夏目漱石に、処世訓を若者に説いた『愚見数則』がある。若者に…

2020年6月12日 07時56分

 夏目漱石に、処世訓を若者に説いた『愚見数則』がある。若者に限らず、時に応じ、心に響く一喝のような言葉が多い▼たとえば、<小智を用(もちい)る勿(なか)れ、権謀を逞(たくまし)うする勿(なか)れ、二点の間の最捷径(さいしょうけい)は直線と知れ>。目的に向かっては、小ざかしいたくらみなどを捨てて、まっすぐに最も近い道を進めという▼世の中がコロナ禍で傷ついたこの時、近い道をまっすぐに通り、できるかぎり早く、必要とする人に資金が届いてほしい事業であろう。打撃を受けている中小企業や個人事業主への持続化給付金だ。近道どころか、あやしげな道を通っていないか。そんな疑念が膨らんでいる▼経済産業省が、まず電通と関係がある一般社団法人に七百六十九億円の事業を委託すると、この一般社団法人は、二十億円少ない額で電通に再委託し、電通はさらに子会社に外注し…▼道に乗ったのはいいけれど、どうしてかすぐに乗り換えを強いられ、トンネルも経由させられ−そんな絵を想像する。
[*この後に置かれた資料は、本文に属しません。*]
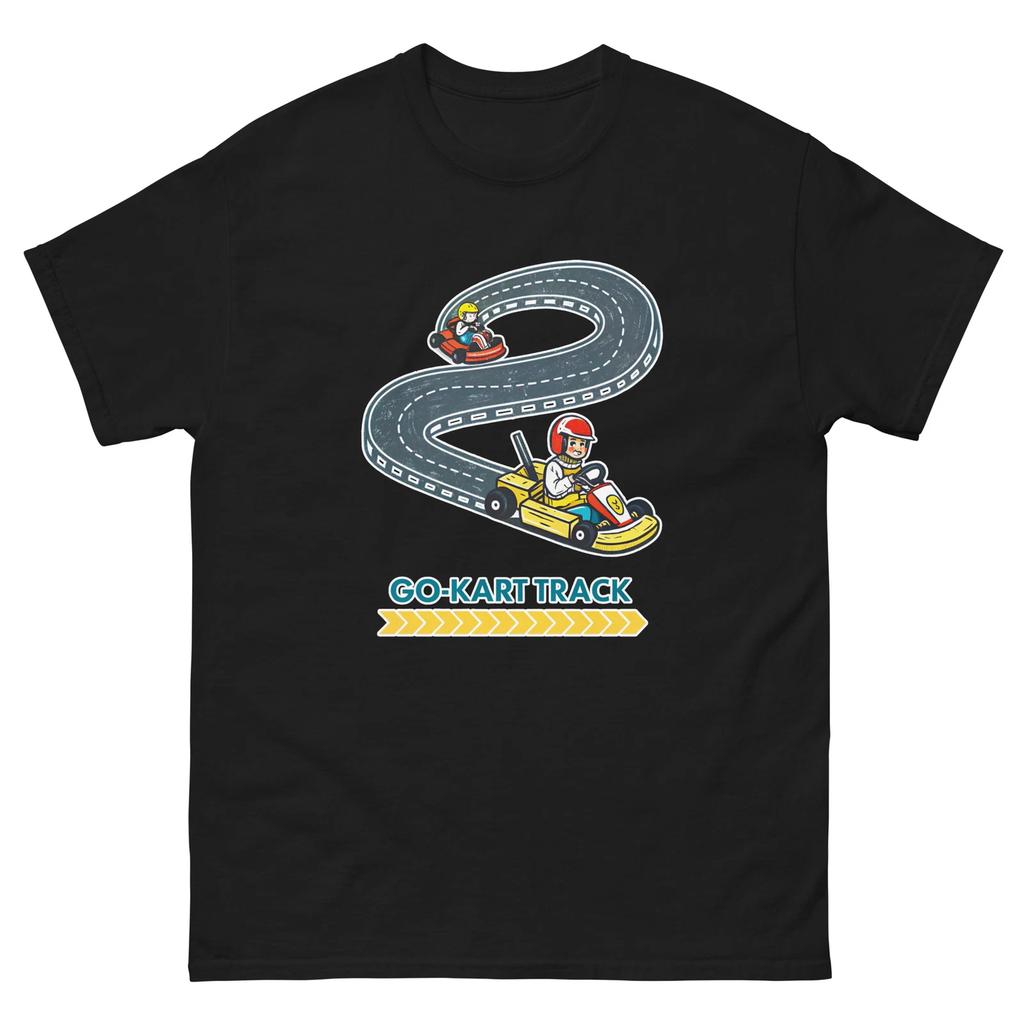 Go-Kart Track Carnival Fair Amusement Park T-Shirt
切実に待つ人がいるのに、なぜこの道か、乗り換えのたびに費用がかかっていないか、「中抜き」されていないか。疑念への政府側の言葉は説得力があるとはいい難い。別の近道があったはずであるという声も上がっている▼困っている人の将来を左右する税金の重要な使い道である。「小智」や「権謀」に影響されていないか。納得できる説明がほしい。